Reproduce the material below line by line, beginning with its first line and ending with the line that contains "Professional hairdresser working"; leave out pictures.
::: Exercise inputs :::
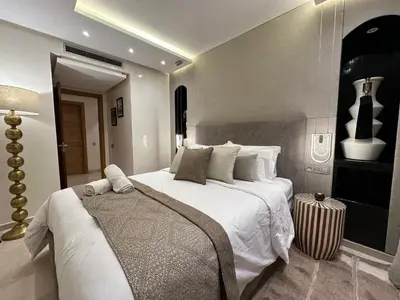 a bedroom with a large bed with white sheets and pillows at Luxury 2-Bedroom Apartment in City Center Jacuzzi & Heated Pool in Marrakech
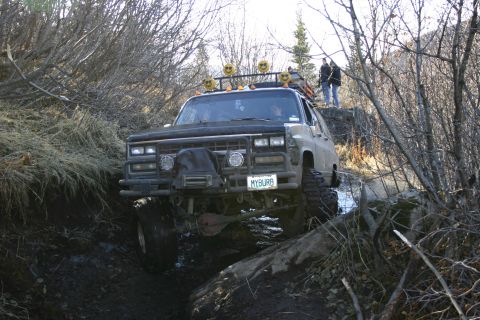 2003 Jeep TJ - Modified SUV tackling a challenging off-road trail with mud and rocks.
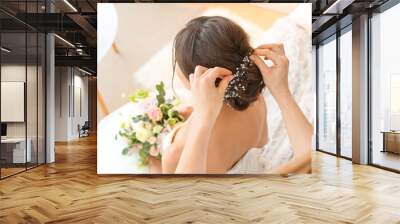 Professional hairdresser working with young bride at home Wall mural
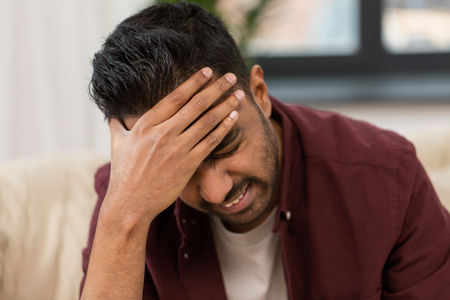 close up of man suffering from head ache at homeの写真素材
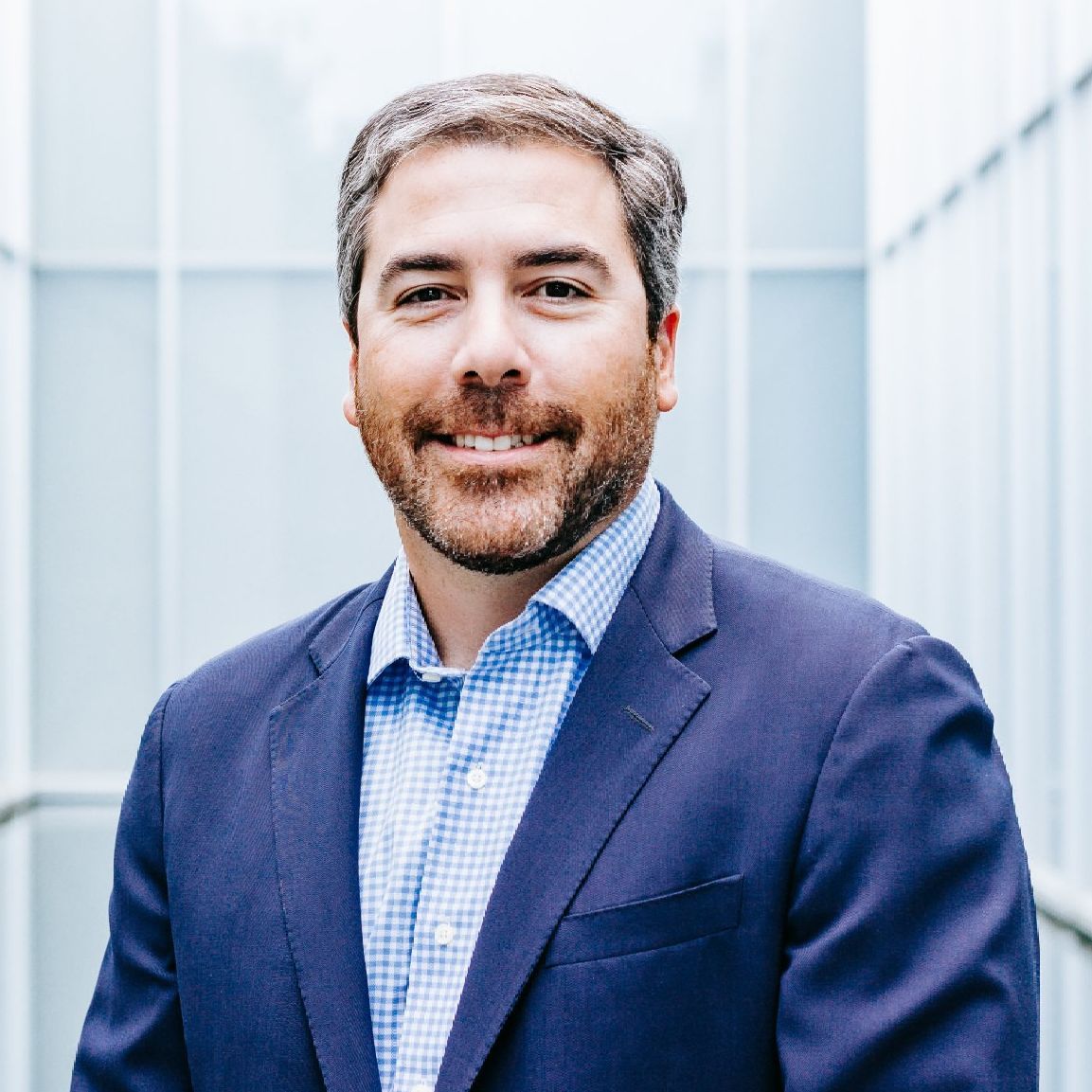 A man in a suit and plaid shirt is smiling for the camera.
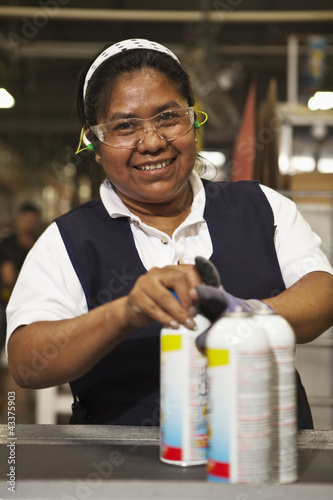 Photo: Hispanic woman with cans in factory Hispanic woman with cans in factory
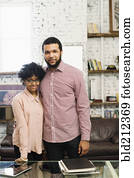 Couple smiling in home office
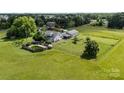 Aerial view of home with above ground pool and outbuildings in a private, rural setting at 18070 Old Beatty Ford Rd, Gold Hill, NC 28071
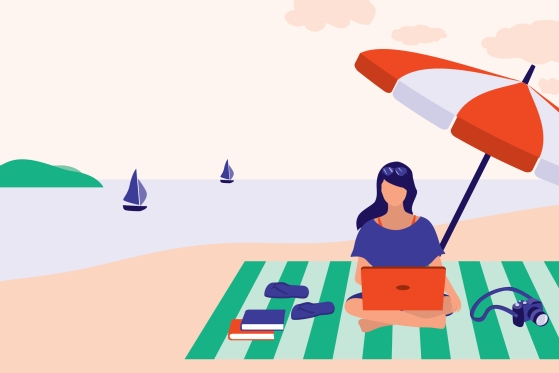 Woman sitting at beach working on computer with several books beside her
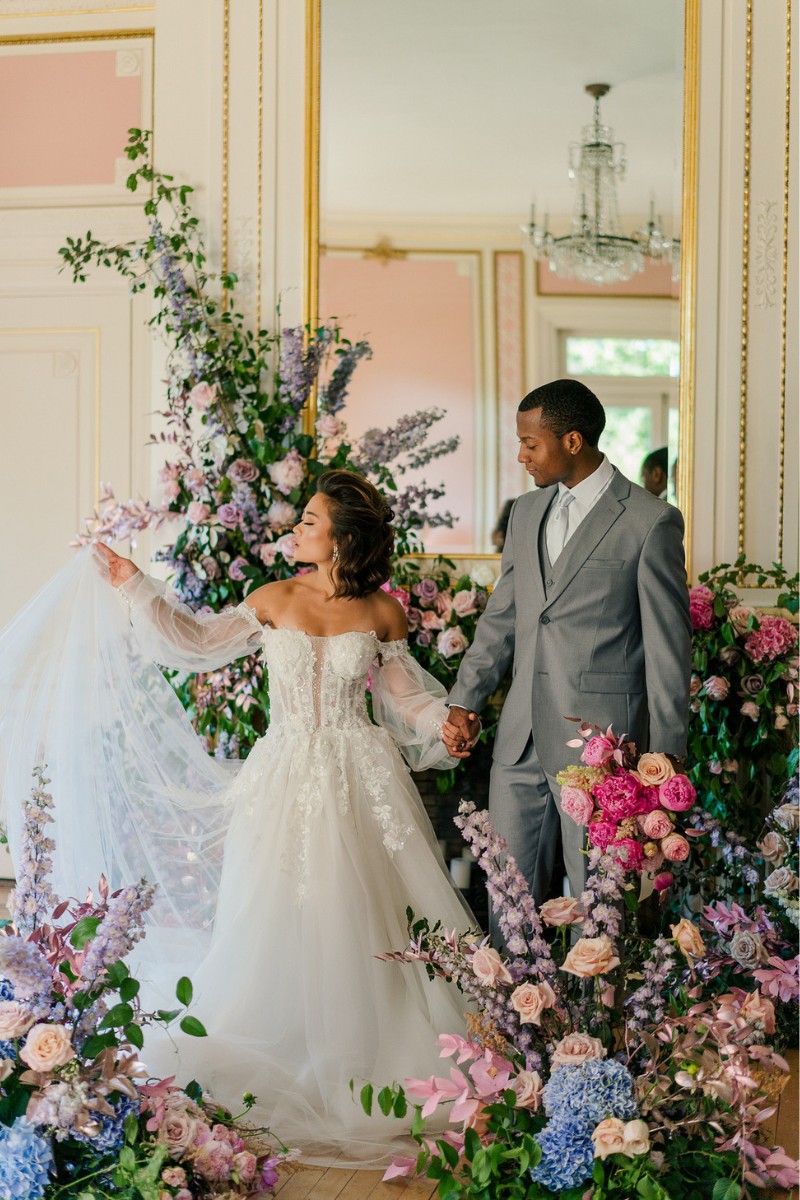 Bride and groom in hallway of florals.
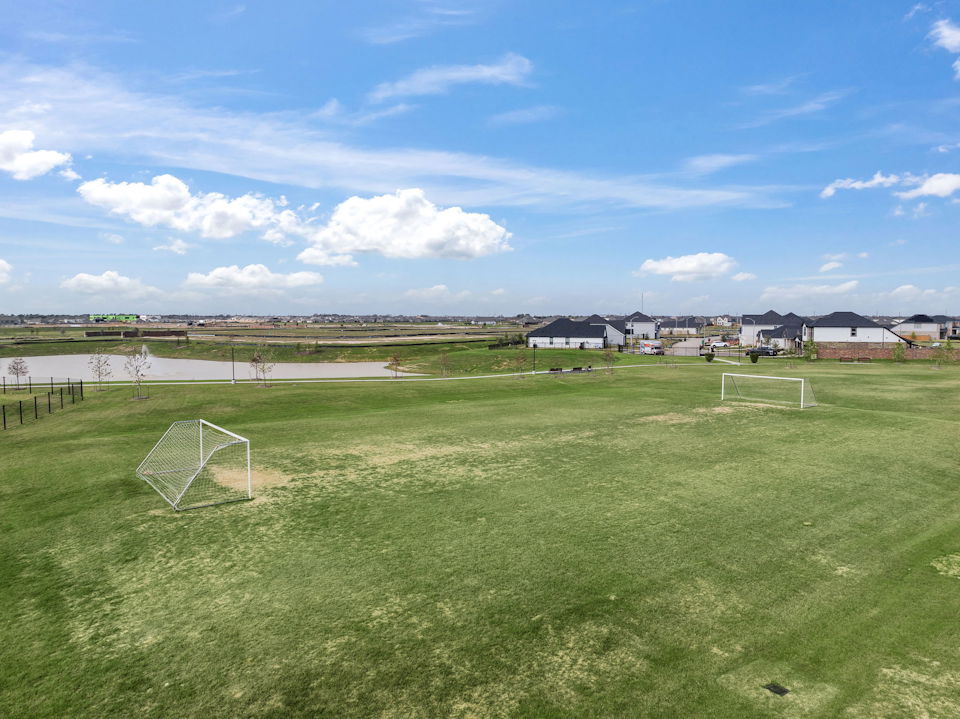 A football field with a goal.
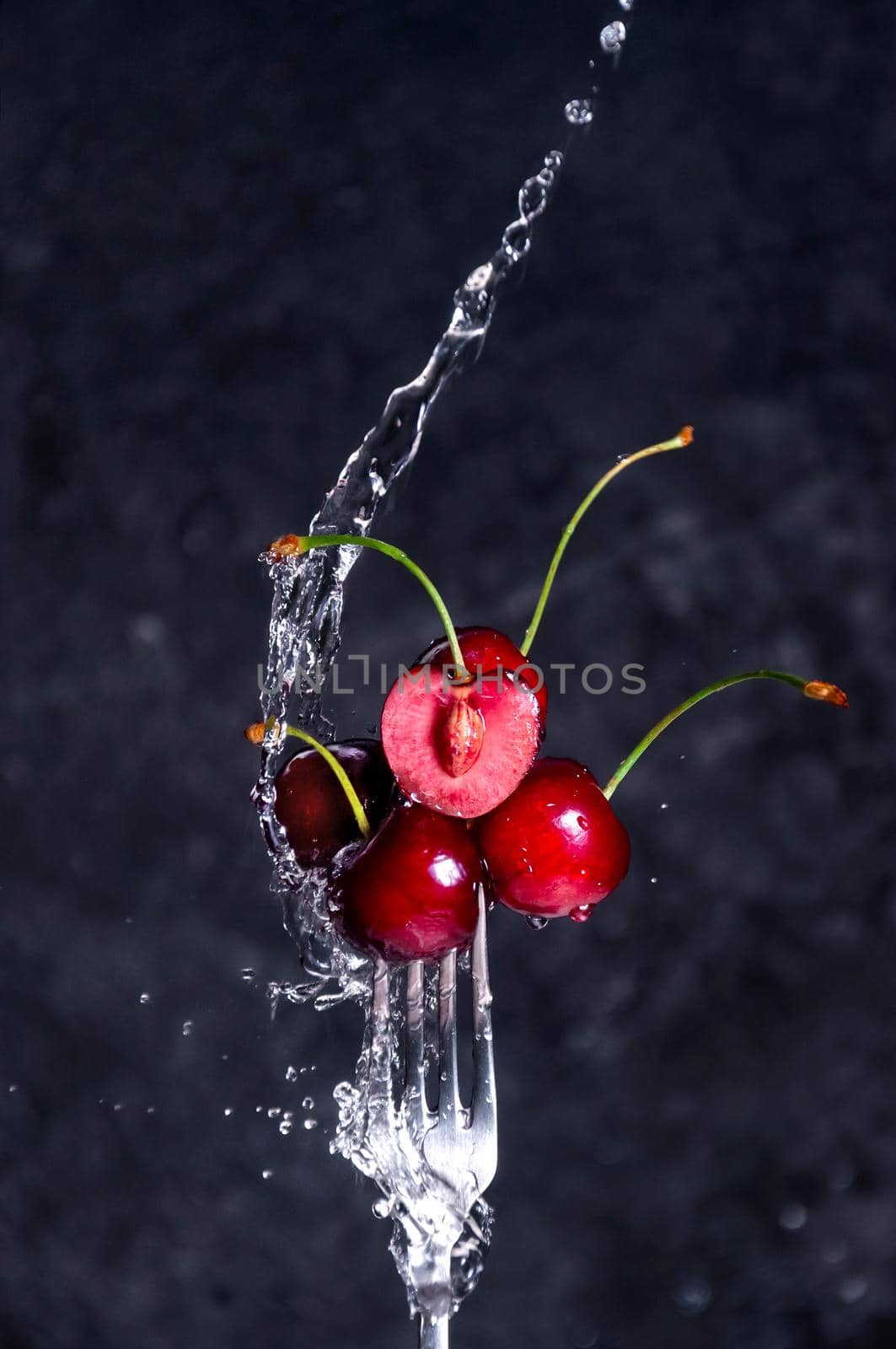 Close up Composition of Cherries on Fork Flying in the air with Water Splashes on the Dark Background.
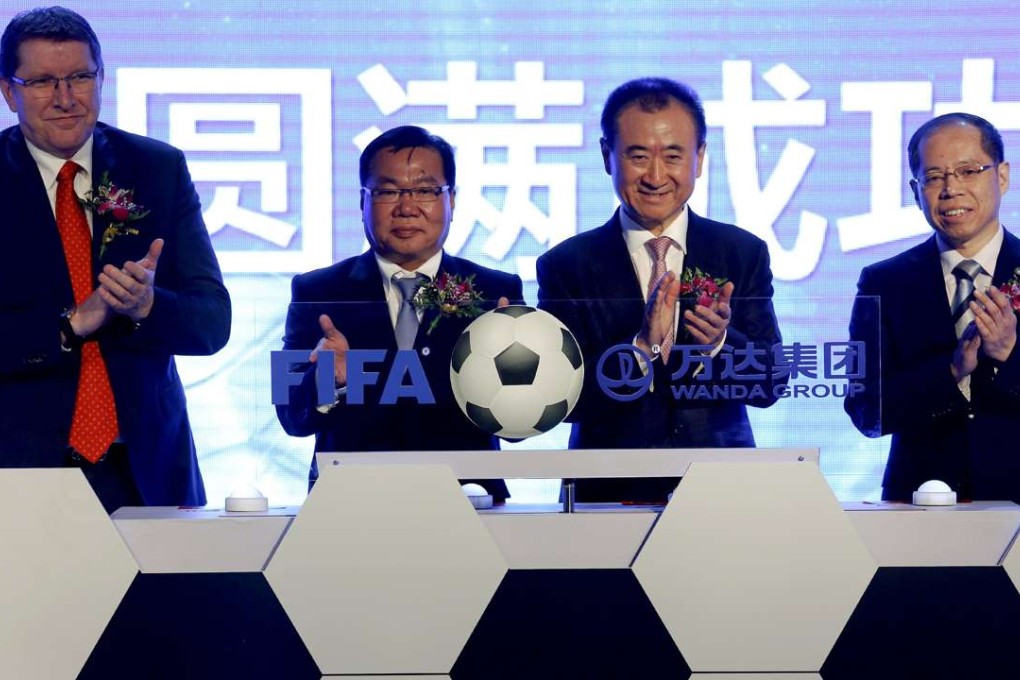 From left, FIFA’s Thierry Weil and David Chung with Dalian Wanda Group chairman Wang Jianlin and first vice president of the Football Association of the PRC Zhang Jian at an event announcing a partnership between Wanda Group and FIFA in Beijing on March 21, 2016. Photo: Reuters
:::
- **Result of the exercise**
 a bedroom with a large bed with white sheets and pillows at Luxury 2-Bedroom Apartment in City Center Jacuzzi & Heated Pool in Marrakech
 2003 Jeep TJ - Modified SUV tackling a challenging off-road trail with mud and rocks.
 Professional hairdresser working with young bride at home Wall mural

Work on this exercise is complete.